A Few Words About Dialogue

     Dialogue can be lifelike or artificial. Lifelike is how people really talk. Artificial is sanitized lifelikeish dialogue. Much of the dialogue on bad TV sitcoms is artificial. Everybody's funny (in real life everyone isn't). 
     Write how people talk. Two goofball slackers in their Twenties will talk differently than two devout nuns in their Fifties. In real life a clever person will say clever things. A dull person will not. In real life a clever person will be consistently clever or witty as he goes through each day. In your screenplay, most of the time we see him, he should be the clever, witty guy -- if that's the character's dramatic purpose. If you're writing the character for comic relief or to be a buddy/confidant to your protagonist, his job is to say or do funny things. We don't necessarily need to see the dark, sad or unhappy aspects of his life. Sitcoms are good examples of this.
     Characters should speak in what appears to be their natural, everyday language, but they must avoid the repetition and digression of ordinary conversation.  What they say must be carefully designed to move the story forward. 
     Characters in every form of fiction tend to be drawn from real life. Your success as a screenwriter will depend on your powers of observation and on your ability to portray what you observe.

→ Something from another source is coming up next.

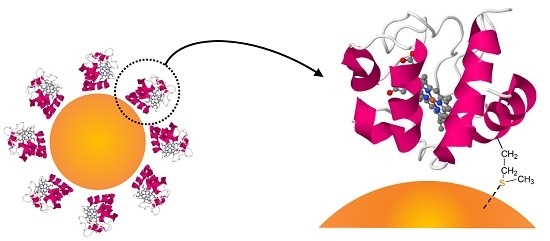 Coronaviruses with Special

Characters are also drawn from what you read and what you hear.   
     Astute, observant screenwriters note the peculiarities, eccentricities and the special qualities of the people around you. Sometimes you'll create a character accurately drawn from a single living model. More often you'll use combinations of personalities that have moved or intrigued you to create a totally original character.

2 comments:

  1. Good stuff DB. I heard a great line of dialogue on the last episode of Entourage last week. A rich billionaire offers Ari Gold his job and the last think he says to him is... "You want to know what heaven is like, try being God".